Chile estaba convencido de que el excrementicio fujimorismo iba a gobernar al Perú otra década –lo que hubiera sido una gran suerte para ellos: Fujimori era el Melgarejo peruano del siglo XX–, así que dio un paso adelante llevando su cartografía ante las Naciones Unidas el año 2000.
Cuando el Perú desrratizado de Paniagua se enfrentó a la audacia de Chile, lo hizo con Manuel Rodríguez Cuadros al frente. Chile sintió la diferencia cuando Rodríguez Cuadros le envió a Soledad Alvear, la canciller, una propuesta de negociación y le dio un plazo de sesenta días para responder.
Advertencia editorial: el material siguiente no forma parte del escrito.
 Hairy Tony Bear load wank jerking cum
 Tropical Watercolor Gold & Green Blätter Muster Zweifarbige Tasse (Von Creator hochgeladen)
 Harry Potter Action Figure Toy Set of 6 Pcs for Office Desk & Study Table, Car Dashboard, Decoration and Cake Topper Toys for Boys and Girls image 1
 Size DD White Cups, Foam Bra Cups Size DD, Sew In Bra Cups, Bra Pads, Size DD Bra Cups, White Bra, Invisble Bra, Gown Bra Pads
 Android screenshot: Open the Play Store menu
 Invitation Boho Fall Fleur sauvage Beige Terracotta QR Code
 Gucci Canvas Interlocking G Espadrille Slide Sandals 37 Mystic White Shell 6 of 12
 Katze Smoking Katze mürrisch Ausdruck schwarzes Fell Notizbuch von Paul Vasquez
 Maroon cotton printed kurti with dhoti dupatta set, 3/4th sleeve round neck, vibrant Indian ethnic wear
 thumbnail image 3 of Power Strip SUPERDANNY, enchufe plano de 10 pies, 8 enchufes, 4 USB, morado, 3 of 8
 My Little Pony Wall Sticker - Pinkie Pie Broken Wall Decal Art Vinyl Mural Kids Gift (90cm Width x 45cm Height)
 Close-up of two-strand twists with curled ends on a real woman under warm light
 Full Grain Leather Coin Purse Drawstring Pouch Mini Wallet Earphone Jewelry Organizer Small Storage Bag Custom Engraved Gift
La Alvear ni contestó el asunto de fondo. Era lo que necesitaba el Perú para argumentar que se había agotado la vía bilateral. Y es que Rodríguez Cuadros y su equipo habían descubierto que el Pacto de Bogotá le permitía al Perú llevar el diferendo marítimo a La Haya. Era la carta bajo la manga que Chile no se esperaba.
Cuando el asunto estaba por terminar en La Haya vino el cambio de gobierno y Alan García, el presidente electo, mandó a decir que no se hiciera nada porque él podría desautorizar todo.
Al comienzo de su régimen, tanto García como su canciller, José García Belaúnde, dijeron que el diferendo marítimo con Chile no tenía prioridad en la agenda peruana.
Y todo habría seguido así, con Torre Tagle bailando la cueca de la Bachelet, si Chile no comete otro error surgido de su arrogancia: la creación, el 8 de octubre del 2007 –fecha sensible para el Perú– de la región Parinacota-Arica, la décimoquinta región chilena que incluía explícitamente el mar sustraído al Perú.
Ya era demasiado hasta para el prochileno Alan García. Y fue demasiado hasta para los militares que se habían arrastrado en el fango de Fujimori y habían aceptado el agravio nauseabundo de Tiwinza, un regalo que sólo pudieron perpetrar el hombre que sería, pocos años después, candidato a senador por el Japón y el ladrón uniformado que dirigía por aquel entonces al ejército de Bolognesi.
Chile dice que no hay nada que resolver porque, en efecto, desde 1881 disfruta del pedazo de mar que hoy le reclaman. Y porque lo seguiría haciendo, en silencio, si no hubiese querido convertir en usufructo de derecho lo que era puro botín carroñero de su victoria.
Un García desganado ha tenido que ir a La Haya. Lo más optimista es imaginar que el Perú conseguirá, después de varios años, la mitad de lo que pide: 14,000 kilómetros cuadrados de mar. Mientras tanto, se habla de patriotismo y unidad nacional. Pero es Chile el que se arma y el que cada día adquiere más protagonismo en la economía del Perú (un calco de su papel en el siglo XIX). Y esto último es mucho más importante que unos fondos marinos que ya habían dejado de ser nuestros desde la inmolación de Miguel Grau. Pero de esto casi nadie quiere hablar.